As policymakers continue to encourage active transportation in the United States, there is increasing importance by all road users to understand right-of-way laws. Also, engineers and planners should implement engineers and planners the most effective crosswalk marking patterns. One possible traffic control measure has been used to delineate a crossing location. The effect of various crosswalk marking patterns should also be understood, in terms of which ones are most effective at causing motorists to yield the right-of-way to pedestrians.
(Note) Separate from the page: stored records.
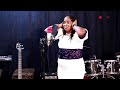 Mama Gee live worship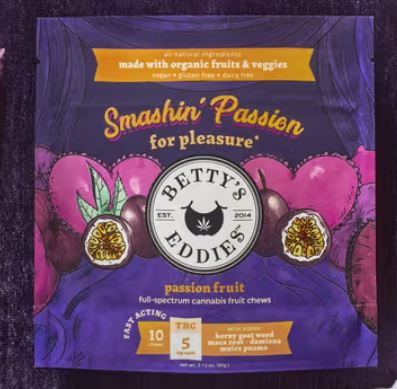 Betty's Eddies | Smashin' Passion Fruit Chews | 50mg product photo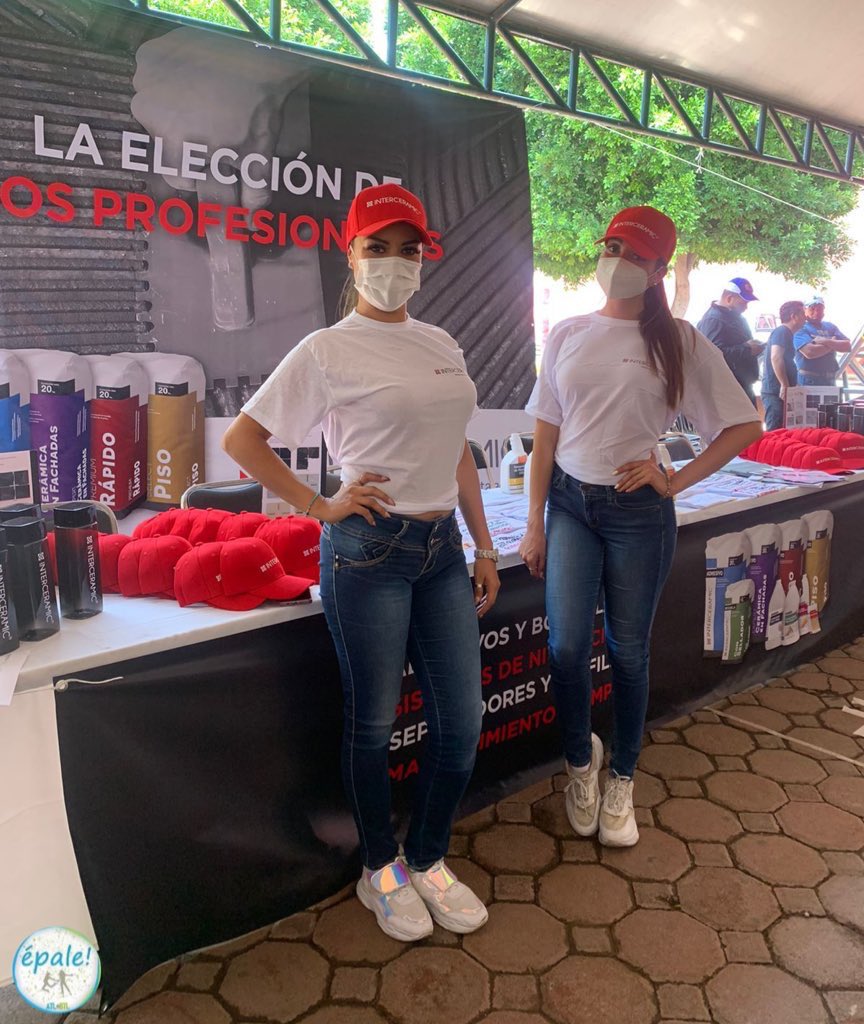 EpaleAgencia's tweet photo. Desde el #DomoBlanco de #LaFeriaDeTlaxcala llevando comunicación de @interceramicMX #Tlaxcala a las personas que trabajan en el rubro de la construcción, y que hoy son festejados por la @cmictlaxcala Feliz día de #LaSantaCruz2022 #LaSantaCruz y recuerden, den: #SimpleMenteLoMejor https://t.co/qEBwrOVsMJ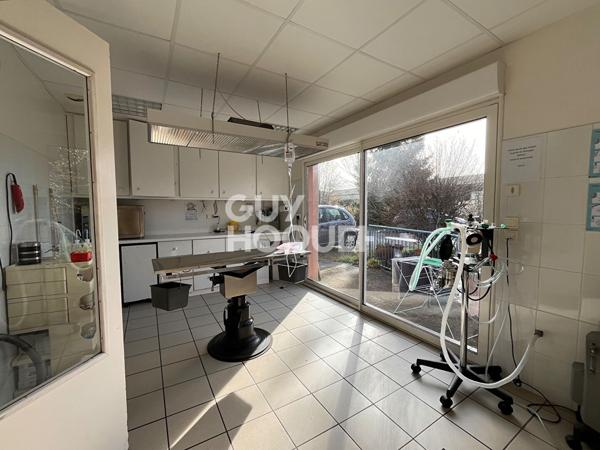 Local commercial de 288 m², hangar et parking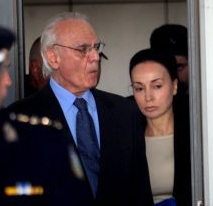 Με την σύζυγό του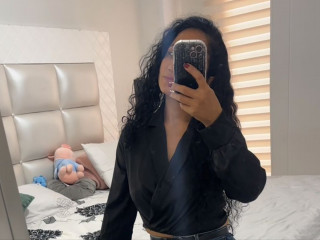 Alaska Stars - Es gibt keine sinnlichere Frau als die mit einem zarten Gesicht und einem b&ouml;sen Geist.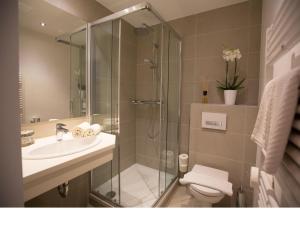 Ένα μπάνιο στο Gästehaus Schusser an der Therme, Frühstück, Doppelzimmer und Ferienwohnung +59 φωτογραφίες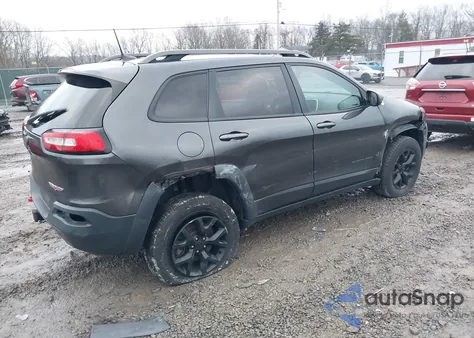 2016 Jeep Cherokee Trailhawk z USA, uszkodzony, nr VIN 1C4PJMBS7GW109953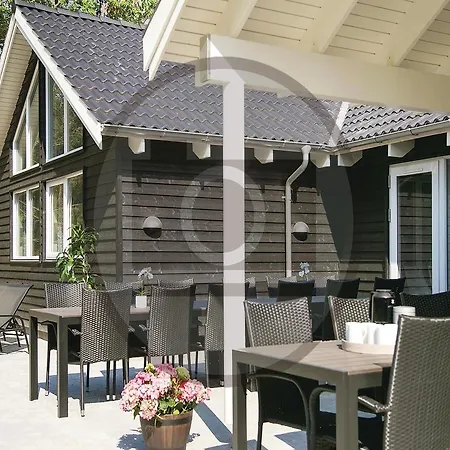 Дом отдыха Seven-bedroom Holiday In *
The purpose of this paper is to examine the past and current research on crosswalk marking design and to come to conclusions about the best types of marking patterns under various traffic and roadway conditions.
General crosswalk information is given in the paper, such as guidelines supplied by the Uniform Vehicle Code and the Manual on Uniform Traffic Control Devices, which provides a background of current recommendations in the United States for crosswalk design and installation. This paper also includes a brief description of the decades-long debate about whether uncontrolled crosswalks are safest for pedestrians when they are marked or unmarked. The paper then examines the current research about effective marking patterns. Different patterns' effects on pedestrian collisions and their relative visibility are discussed, as well as best practices from across the country and abroad.
We conclude that, because high-visibility markings are more easily detected by motorists and have been shown to lead to a reduction in pedestrian-vehicle collisions when compared to transverse line crosswalks, transportation agencies should install high-visibility markings at uncontrolled crossing locations whenever a determination is made to provide marked crosswalks. Installing the most visible crosswalk marking styles is important to increase the likelihood that approaching motorists will see marked crosswalks in time to become aware of the possibility of pedestrians crossing the street ahead. At crossing locations controlled by traffic signals or stop signs, the key recommendation is to mark all legs of the intersection with a crosswalk in order to indicate to pedestrians and motorists the preferred locations for pedestrians to cross. More broadly, policymakers in the United States need to come to a consensus on right-of-way laws for crosswalks. If all states are consistent in how they enforce crossing areas, pedestrian and motorist compliance with the rules of the road should also be more consistent, and improve.
transverse crosswalks were “essentially not visible”
[B' Spokes: Has anyone else notice that MDOT and a lot of local DOTs like using essentially invisible crosswalks and they like have a crosswalk on just one side of a intersection (the other leg with no crosswalk). Any wonder that Maryland is ranked with the 7th highest pedestrian fatality rate?]